WHAT TO WORK ON -> Leave the pictures out. Retype exactly the lines below from the one containing "24-web-or-mls-1604-cedar-ave-(21-of-25).jpg" through the one containing "Indigorayney online show", and no others.

(INPUT DATA Opens)

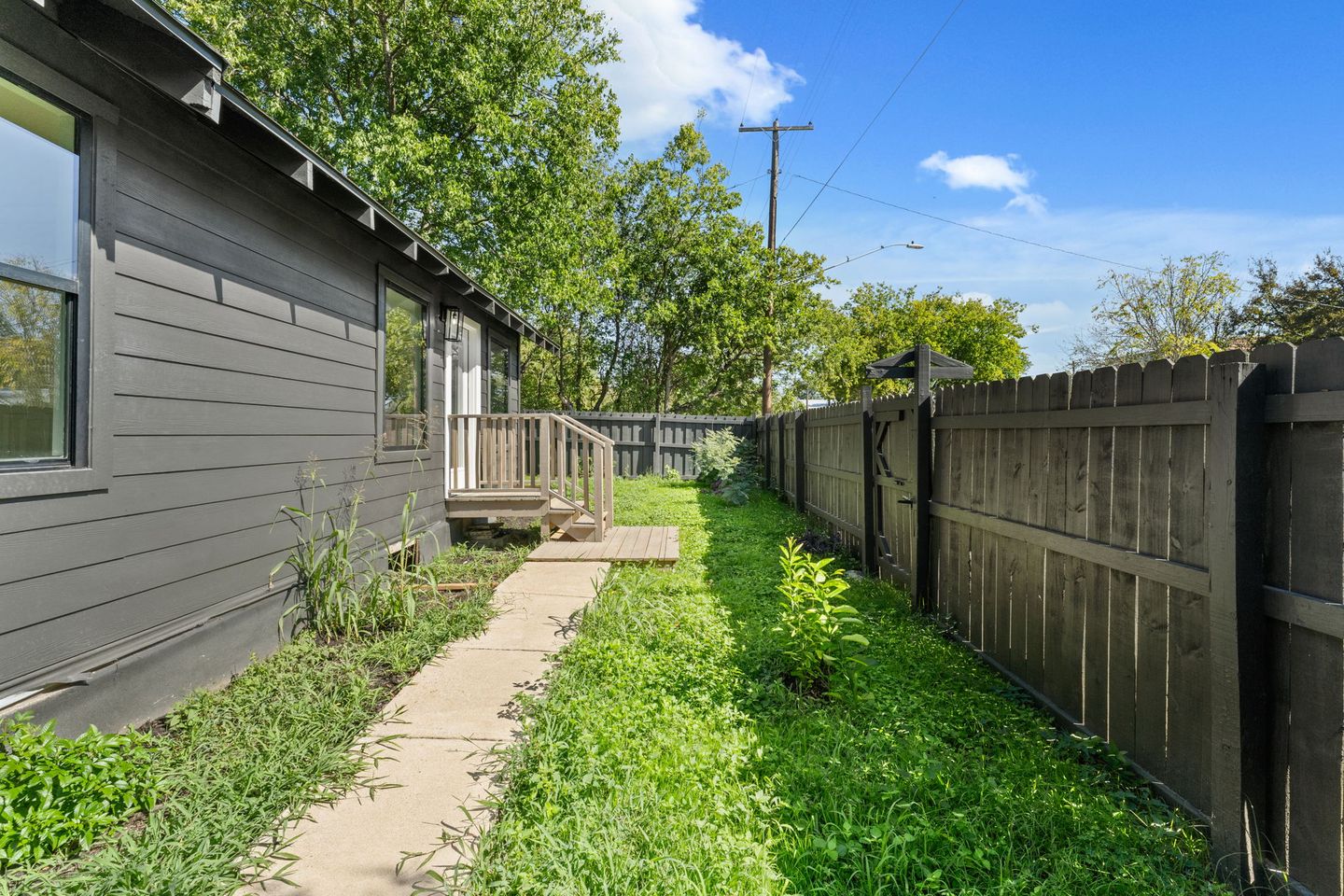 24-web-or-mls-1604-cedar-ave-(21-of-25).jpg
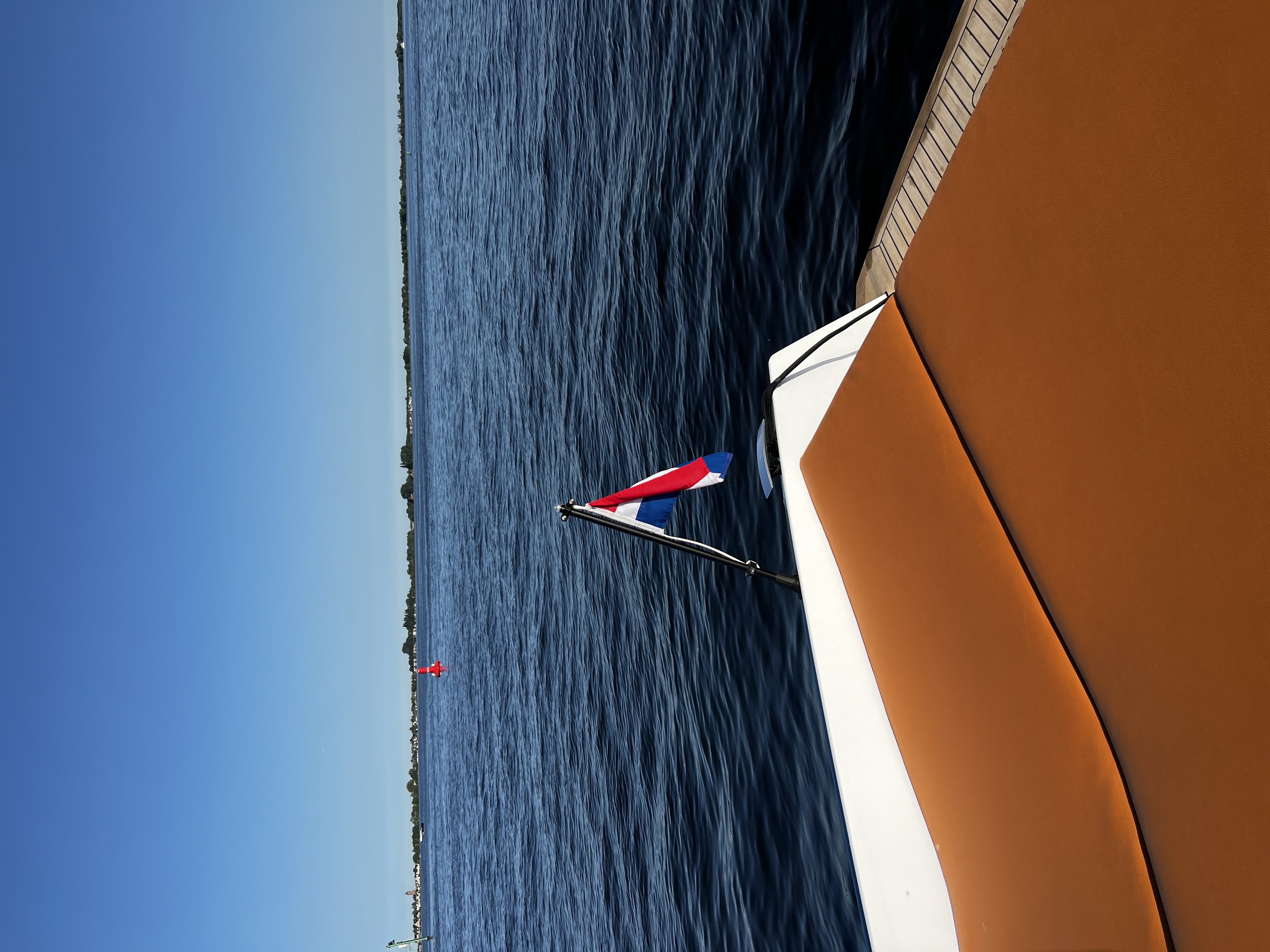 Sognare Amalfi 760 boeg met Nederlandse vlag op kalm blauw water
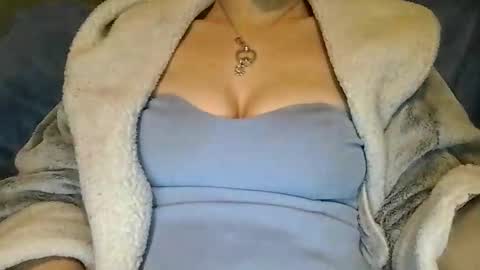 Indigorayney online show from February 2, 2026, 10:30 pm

(INPUT DATA Closes)
(INPUT DATA Opens)

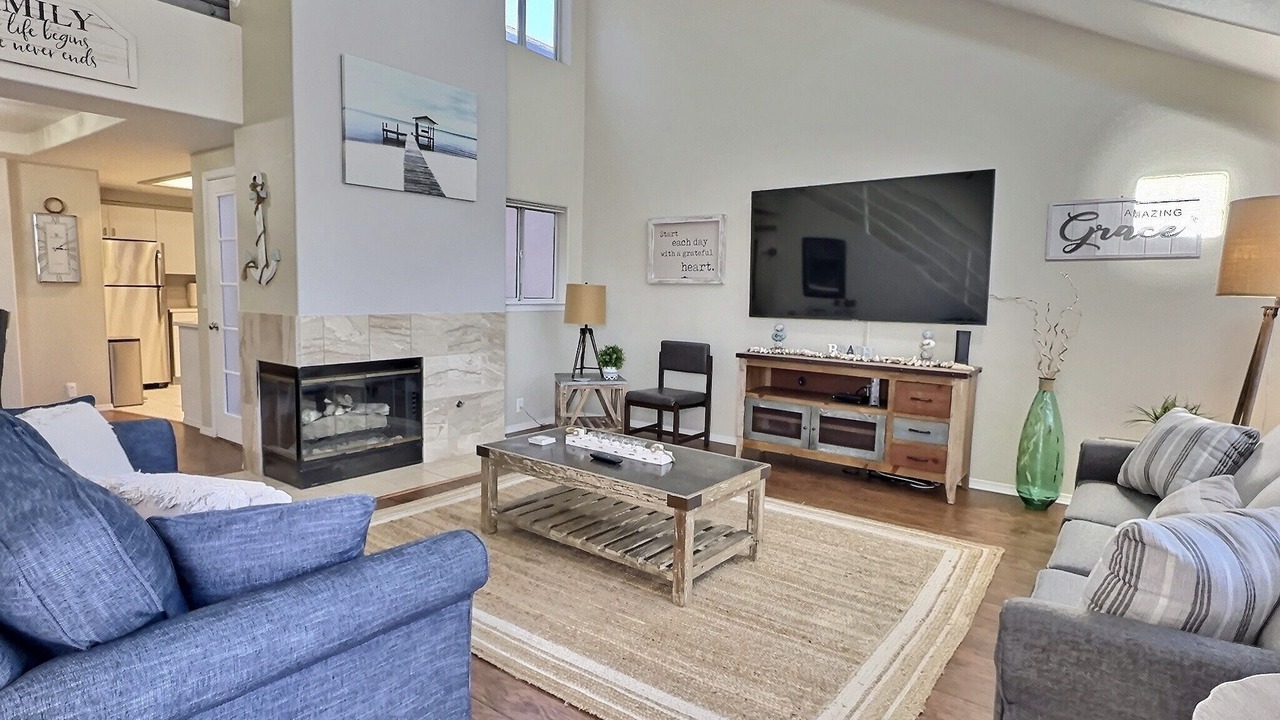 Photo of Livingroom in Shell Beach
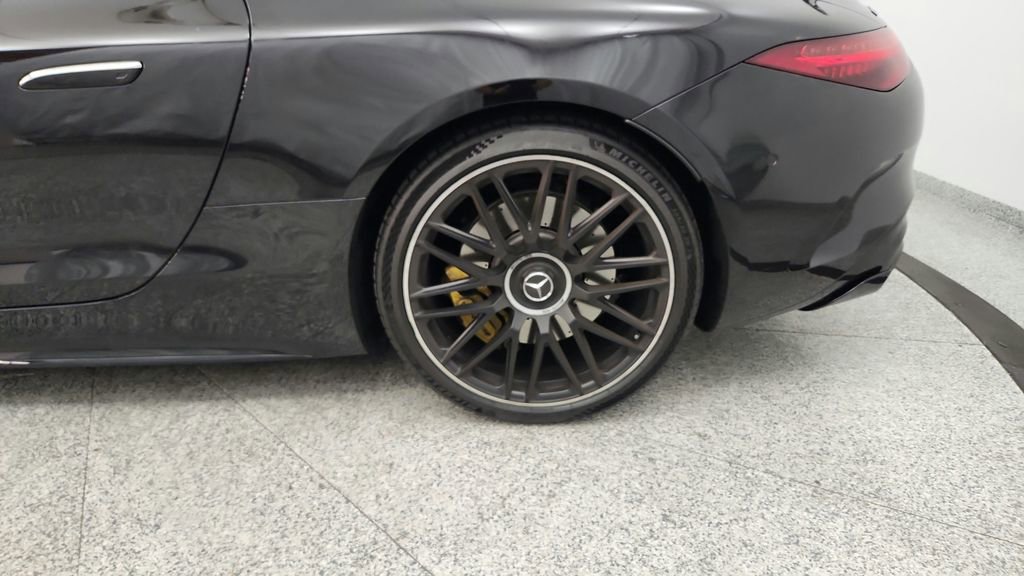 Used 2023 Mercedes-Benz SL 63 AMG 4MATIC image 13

(INPUT DATA Closes)

RESPONSE FOR THIS EXERCISE ->
 24-web-or-mls-1604-cedar-ave-(21-of-25).jpg
 Sognare Amalfi 760 boeg met Nederlandse vlag op kalm blauw water
 Indigorayney online show from February 2, 2026, 10:30 pm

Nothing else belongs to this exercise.